» DATASET EXTRACT
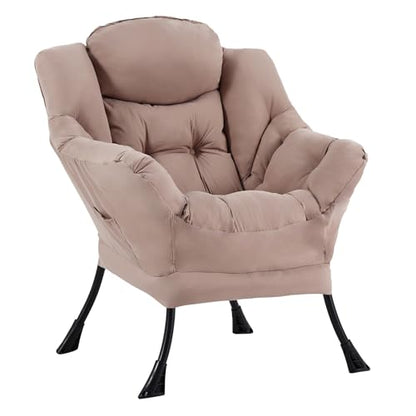 Lazy Chair, Comfy Reading Accent Chair for Bedroom, Khaki | Comfy Bedroom Accent Chair with Washable Removable Cover and extra throw pillowfor Living Room Dorm - color: Khaki-single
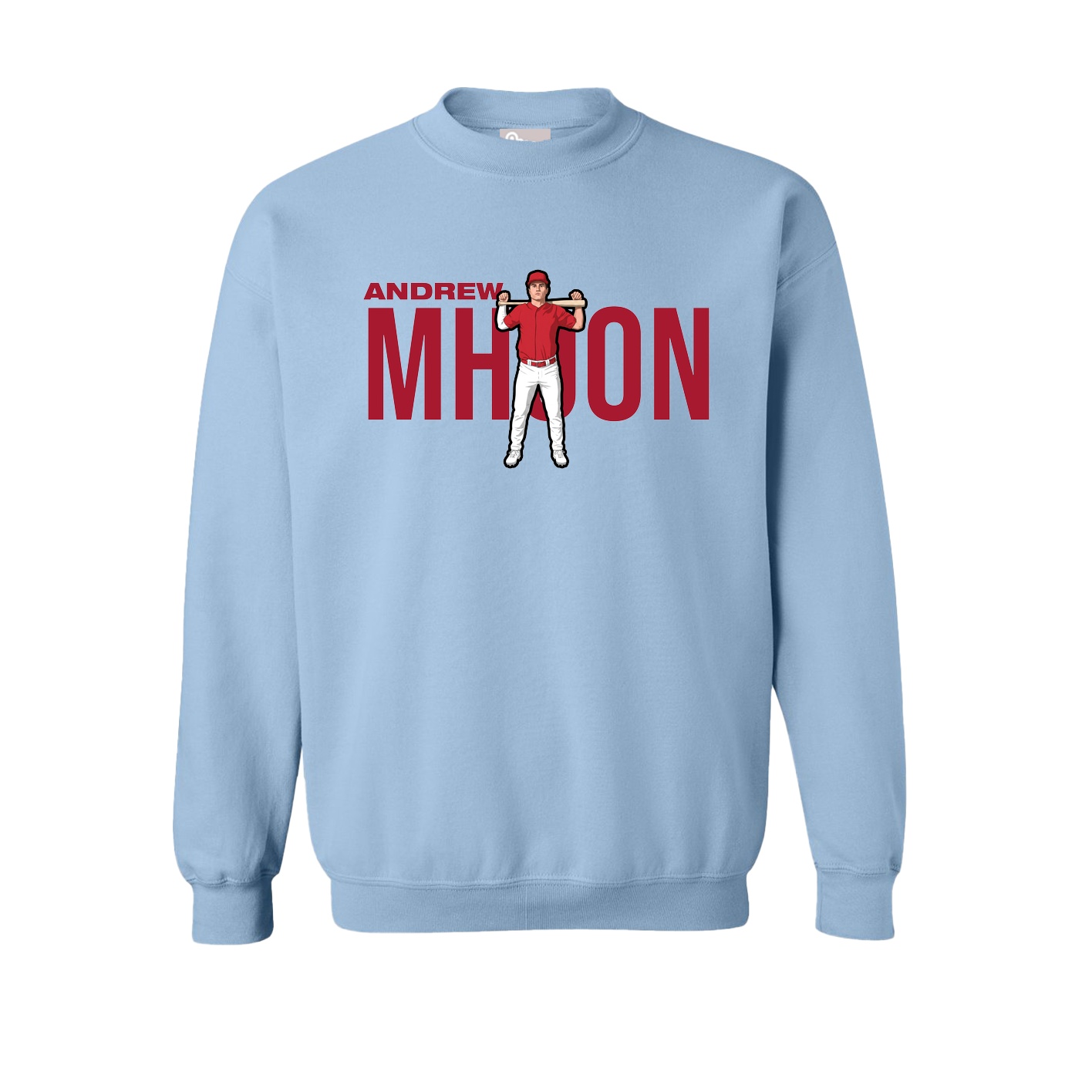 Fleece Crew — Player Name in Light Blue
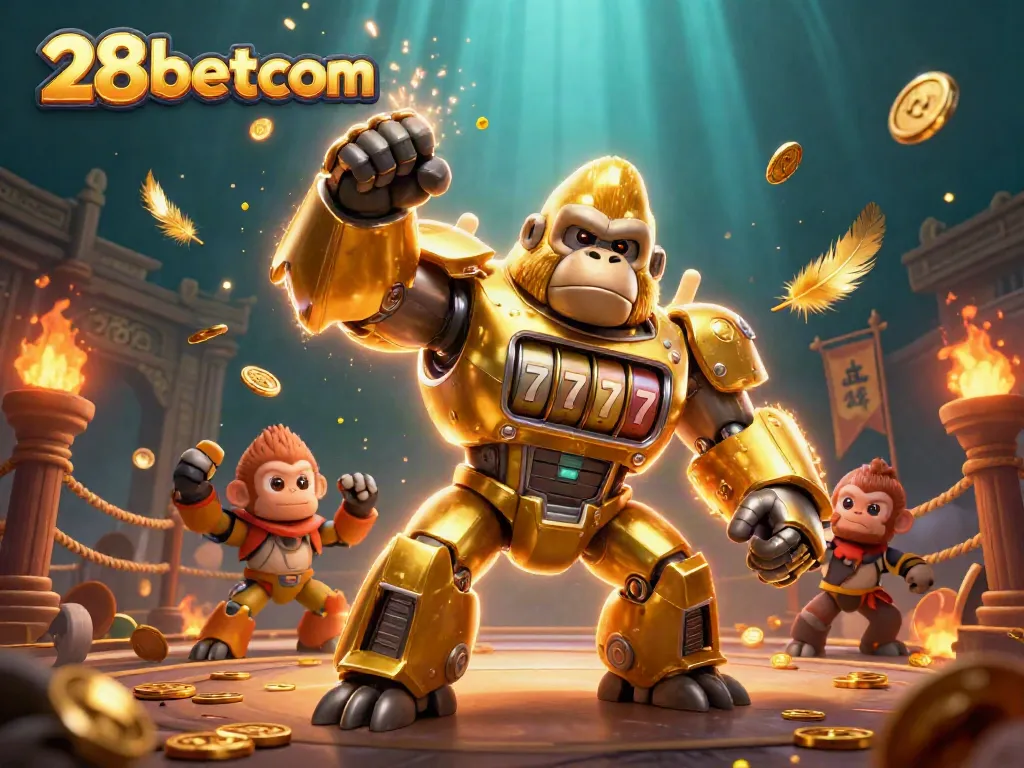 Engage with 28betcom's exciting gaming atmosphere featuring a vibrant mech and slot machines.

» ACTIVITY
Only the pictures are to be left out; restate everything else in the listing word for word.

» EXERCISE RESULT
 Lazy Chair, Comfy Reading Accent Chair for Bedroom, Khaki | Comfy Bedroom Accent Chair with Washable Removable Cover and extra throw pillowfor Living Room Dorm - color: Khaki-single
 Fleece Crew — Player Name in Light Blue
 Engage with 28betcom's exciting gaming atmosphere featuring a vibrant mech and slot machines.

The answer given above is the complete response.